# Visa for partner



## Happyhazel (Dec 8, 2010)

My company are setting up a Singapore company and will get me a visa however my husband is coming withe me and Im not sure how to get him a visa?
A) do I have to wait to get mine and he automatically can come on my visa but not work.
B) would he have to apply for a working visa as he intends to find a job out there?

Please advise, and also let me know where I can go to get this visa.


----------



## simonsays (Feb 11, 2009)

Happyhazel said:


> My company are setting up a Singapore company and will get me a visa however my husband is coming withe me and Im not sure how to get him a visa?
> A) do I have to wait to get mine and he automatically can come on my visa but not work.
> B) would he have to apply for a working visa as he intends to find a job out there?
> 
> Please advise, and also let me know where I can go to get this visa.


My replies are direct, and here you go .. 

1) You dont get a visa for your husband on your Employment pass and your obtaining a visa (call it e-pass - employment pass) does not entitle anything to him - spouses are not automatically provided passes, unless applied and approved.

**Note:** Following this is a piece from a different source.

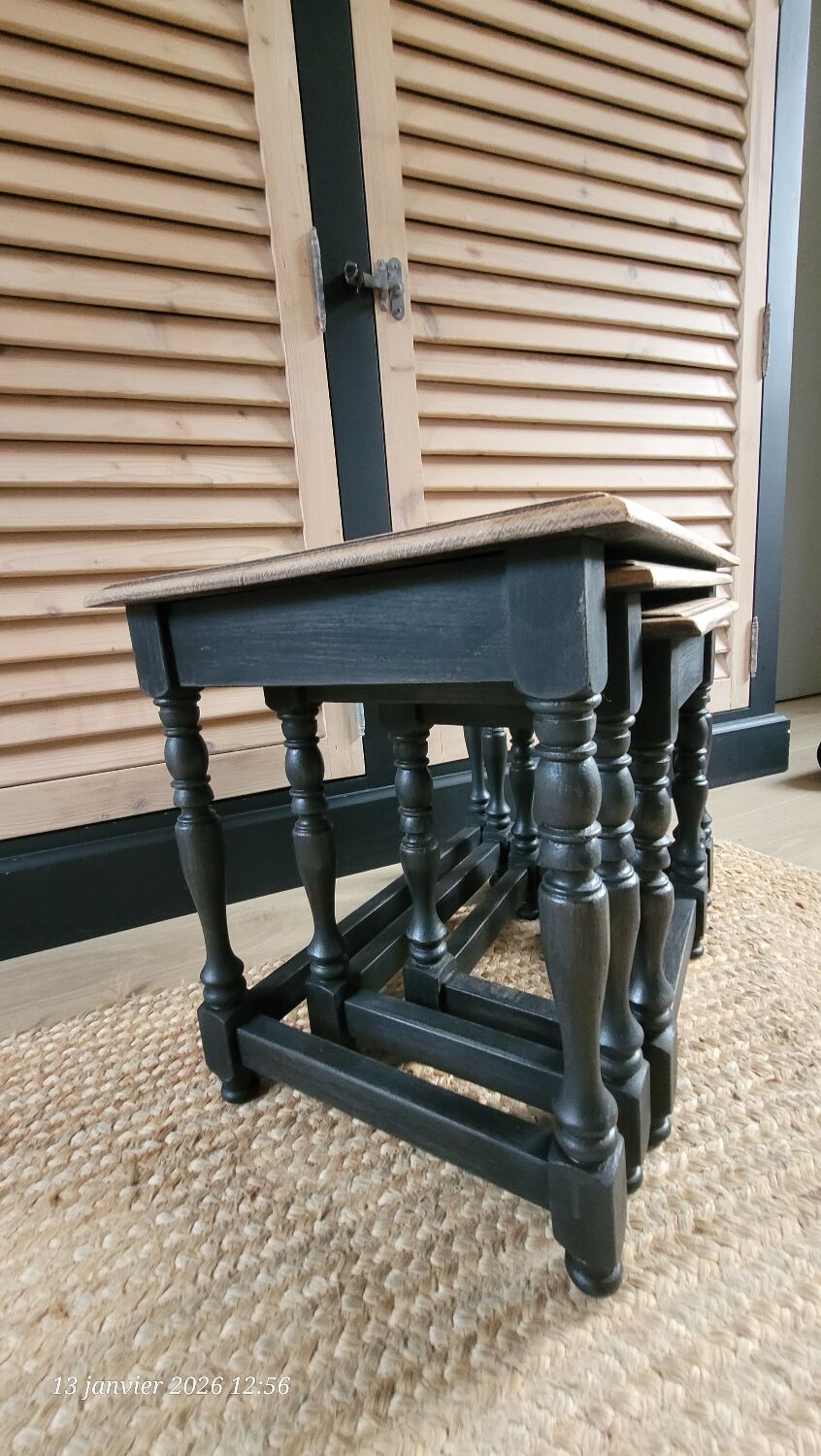Nest tables in wood and black.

2) While under dependant pass - if he is granted one based on your pass, and your pass category, he can't work unless he applies for his own work pass / ep

3) Singapore DOES NOT HAVE WORKING VISA TO LOOK FOR JOBS. You need to secure a job, and then apply for a work pass / e-pass

4) Additionally, e-passes have different categories, and based on the category - the spouse gets long term visa or not

Do take some time to look up the MOM site and ICA site, and they have described all there

Ministry of Manpower Singapore

ICA - Immigration & Checkpoints Authority of Singapore


----------